## Your instructions
Pull every line containing "Flat" from the entries.

Short web captions:
= = = = =

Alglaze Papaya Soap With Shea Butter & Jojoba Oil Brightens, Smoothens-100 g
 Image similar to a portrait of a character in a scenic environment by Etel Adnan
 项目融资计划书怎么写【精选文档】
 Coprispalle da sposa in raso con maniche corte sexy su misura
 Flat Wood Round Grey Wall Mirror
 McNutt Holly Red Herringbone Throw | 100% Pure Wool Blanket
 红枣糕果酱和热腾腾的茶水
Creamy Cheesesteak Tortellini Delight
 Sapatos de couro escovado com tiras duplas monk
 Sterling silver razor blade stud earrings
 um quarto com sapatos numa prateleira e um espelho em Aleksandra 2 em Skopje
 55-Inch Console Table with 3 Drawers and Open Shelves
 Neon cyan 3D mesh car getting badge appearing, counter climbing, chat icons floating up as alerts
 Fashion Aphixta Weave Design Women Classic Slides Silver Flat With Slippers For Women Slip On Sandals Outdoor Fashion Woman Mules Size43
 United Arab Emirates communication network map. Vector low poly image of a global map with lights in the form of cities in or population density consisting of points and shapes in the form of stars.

= = = = =

## Exercise output
 Flat Wood Round Grey Wall Mirror
 Fashion Aphixta Weave Design Women Classic Slides Silver Flat With Slippers For Women Slip On Sandals Outdoor Fashion Woman Mules Size43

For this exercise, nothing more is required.